§ **Data excerpts**:

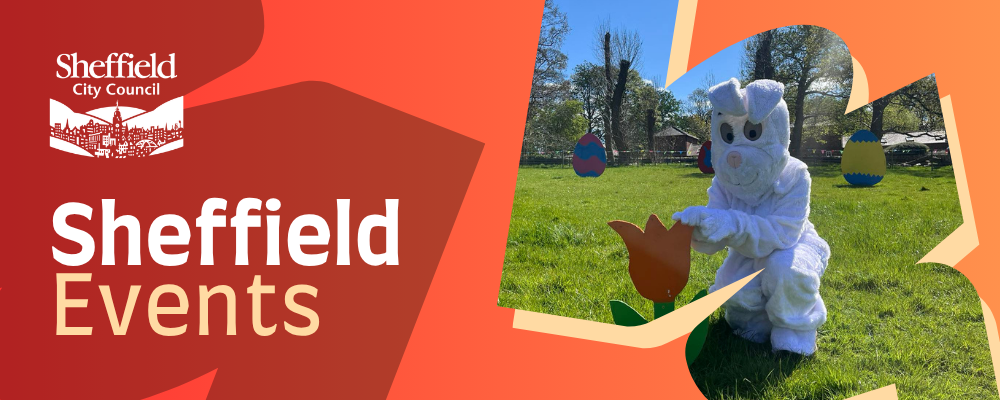 Sheffield Events. A person dressed in an Easter bunny costume in a field decorated with colourful Easter eggs
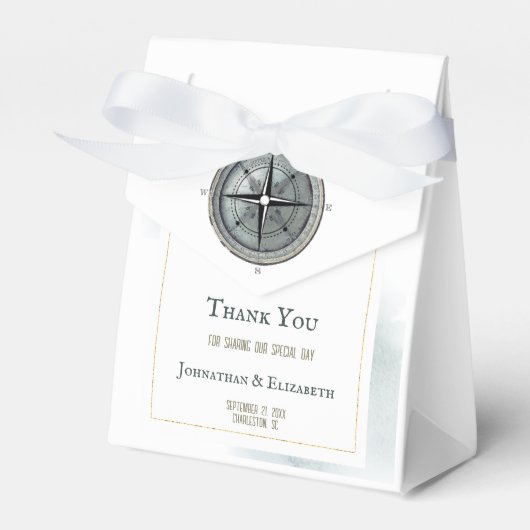 nautisch kompas bruiloft bedankdoosjes (Voorkant Zijde)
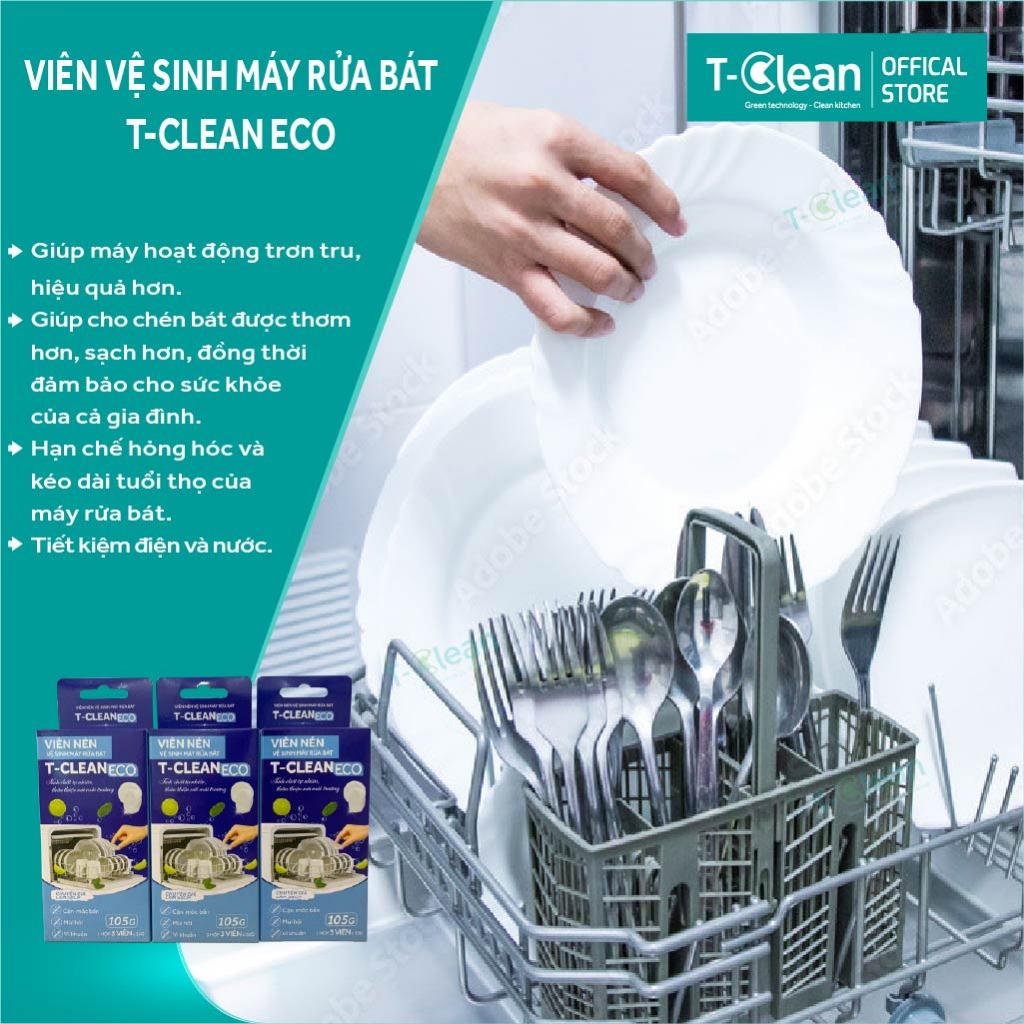 Hộp 4 Viên Vệ sinh máy rửa chén bát tự động TClean sạch nhờn, sạch bẩn,sạch cặn mỡ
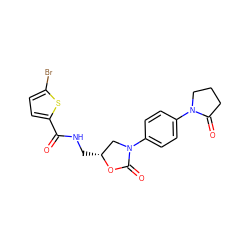 O=C(NC[C@@H]1CN(c2ccc(N3CCCC3=O)cc2)C(=O)O1)c1ccc(Br)s1 ZINC000113065446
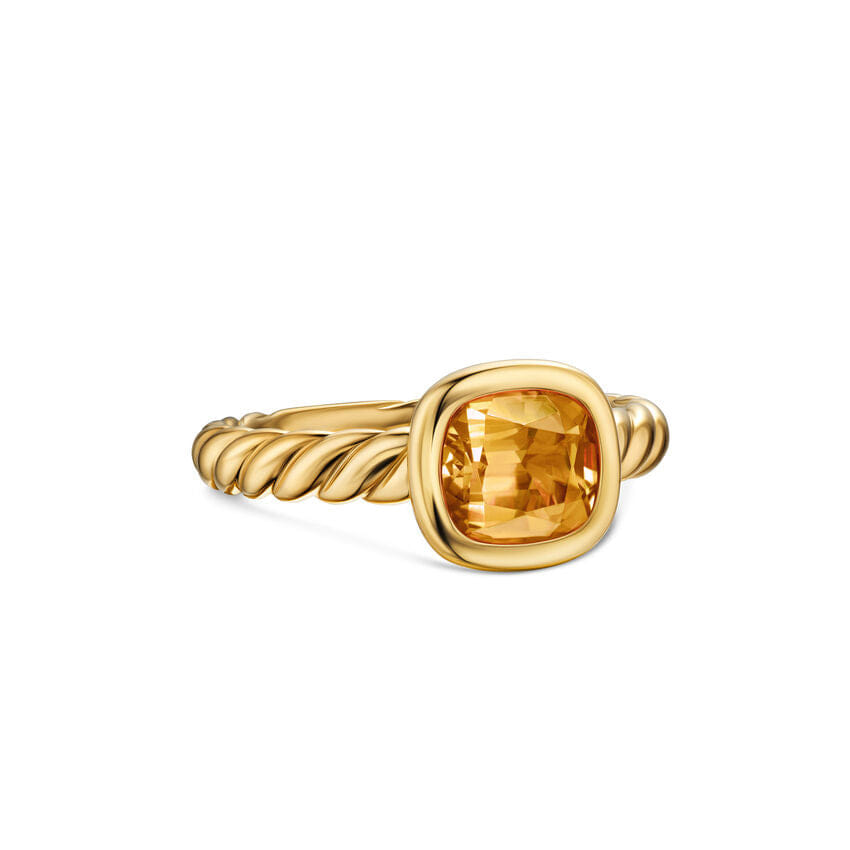David Yurman DY Mercer Stone Ring in 18K Yellow Gold with Citrine, 7 mm, Size 6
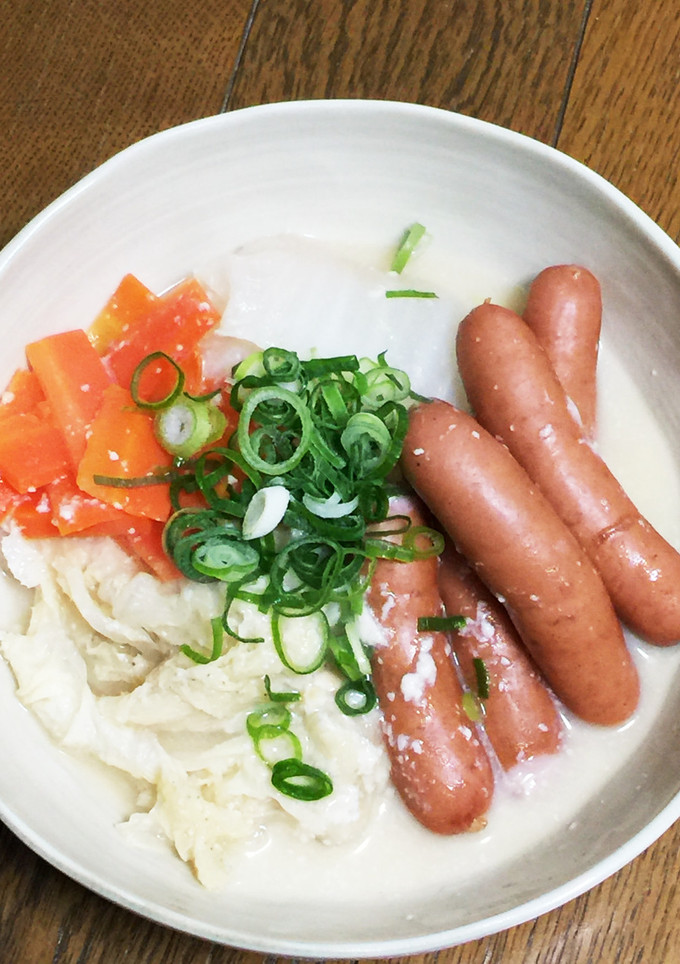 白菜とソーセージの酒粕煮-レシピのメイン写真
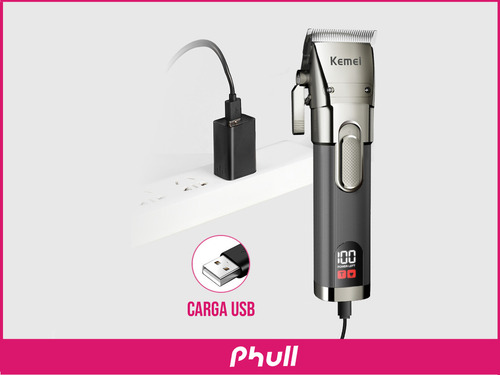 Maquina De Cortar Pelo Trimmer Kemei Km-1896 Recargable Color Gris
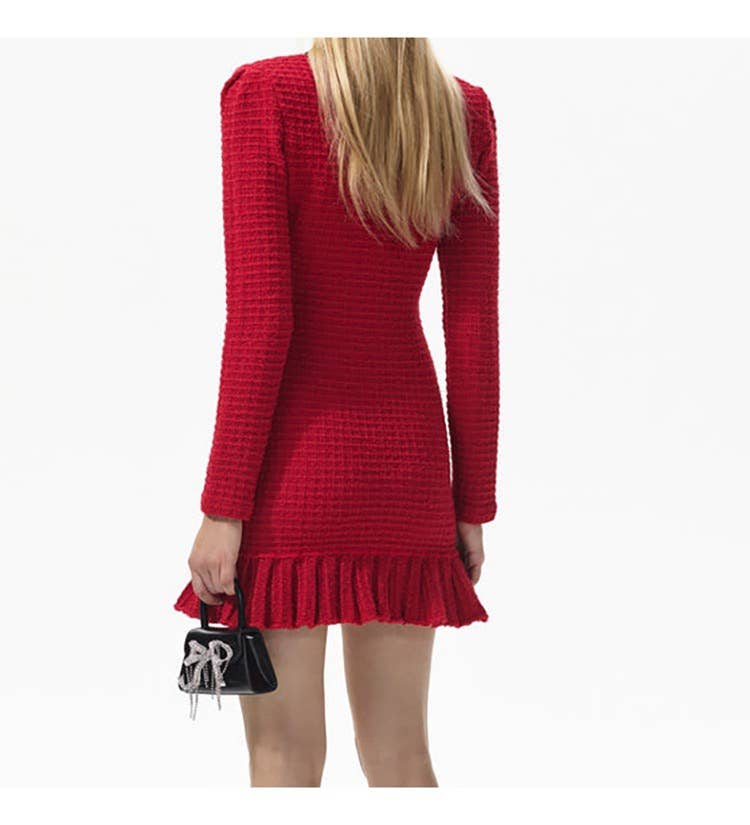 Thames Collection Elegant Bowknot V-Neck Knit Dress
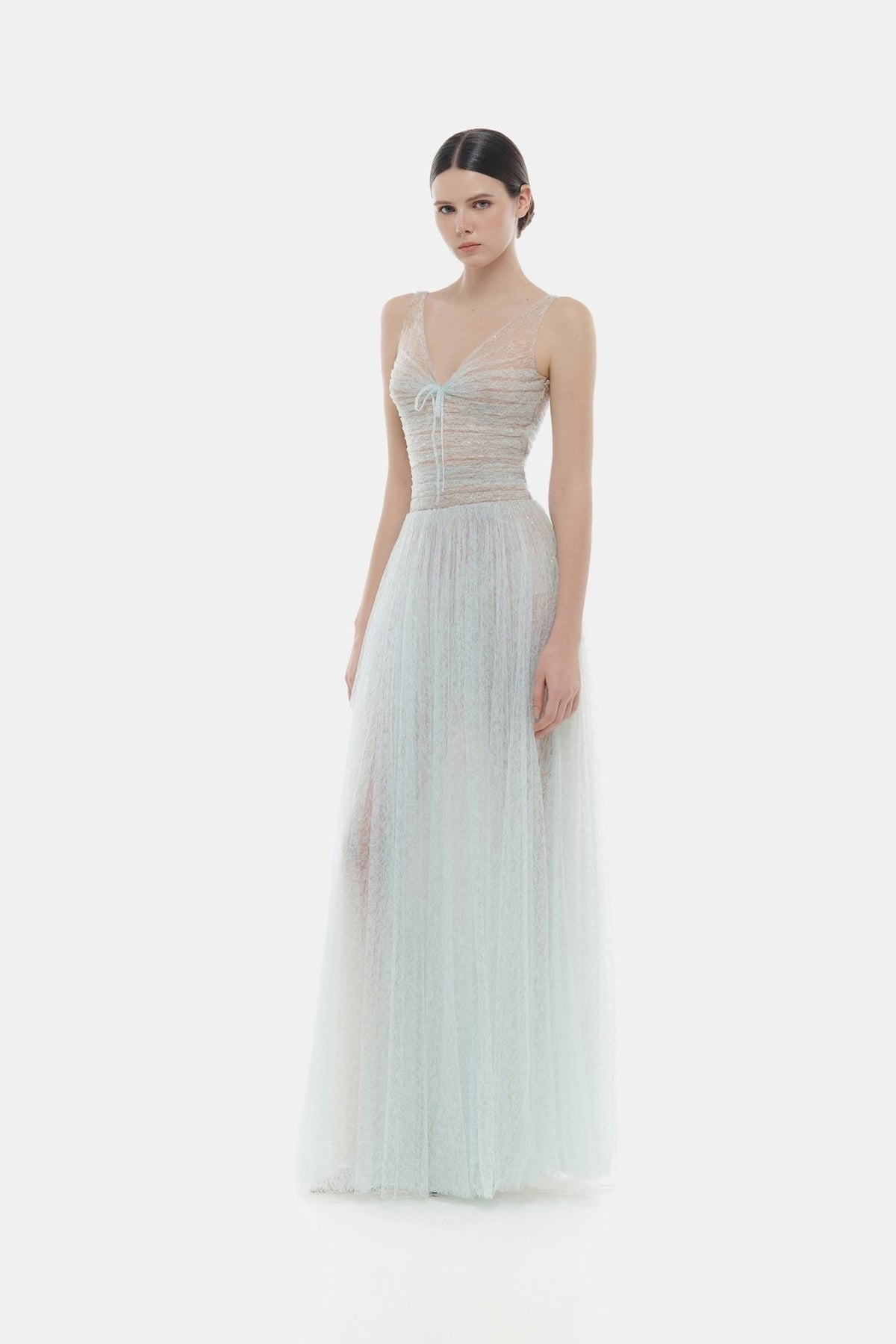 MONTSAND Green Blue Purple Violet Drapped Maxi Dress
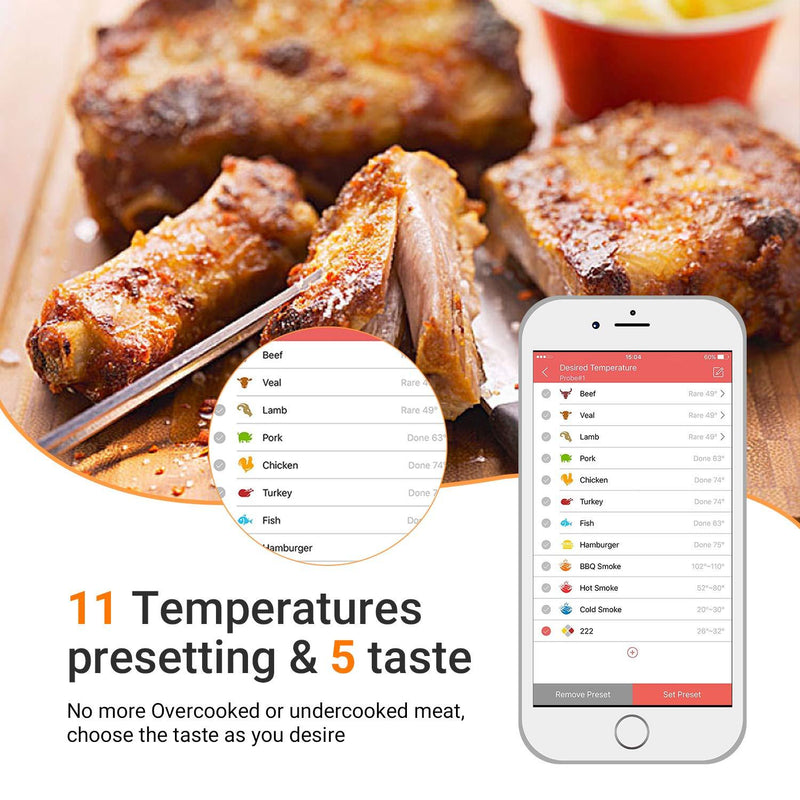 Inkbird Bluetooth Grill BBQ Meat Thermometer with 4 Probes Digital Wireless Grill Thermometer, Timer, Alarm,150 ft Barbecue Cooking Kitchen Food Meat Thermometer for Smoker, Oven, Drum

§ **What the task requires**:
Would you reproduce each line of the material exactly, omitting the images?

§ **Task result**:
 Sheffield Events. A person dressed in an Easter bunny costume in a field decorated with colourful Easter eggs
 nautisch kompas bruiloft bedankdoosjes (Voorkant Zijde)
 Hộp 4 Viên Vệ sinh máy rửa chén bát tự động TClean sạch nhờn, sạch bẩn,sạch cặn mỡ
 O=C(NC[C@@H]1CN(c2ccc(N3CCCC3=O)cc2)C(=O)O1)c1ccc(Br)s1 ZINC000113065446
David Yurman DY Mercer Stone Ring in 18K Yellow Gold with Citrine, 7 mm, Size 6
 白菜とソーセージの酒粕煮-レシピのメイン写真
 Maquina De Cortar Pelo Trimmer Kemei Km-1896 Recargable Color Gris
 Thames Collection Elegant Bowknot V-Neck Knit Dress
 MONTSAND Green Blue Purple Violet Drapped Maxi Dress
 Inkbird Bluetooth Grill BBQ Meat Thermometer with 4 Probes Digital Wireless Grill Thermometer, Timer, Alarm,150 ft Barbecue Cooking Kitchen Food Meat Thermometer for Smoker, Oven, Drum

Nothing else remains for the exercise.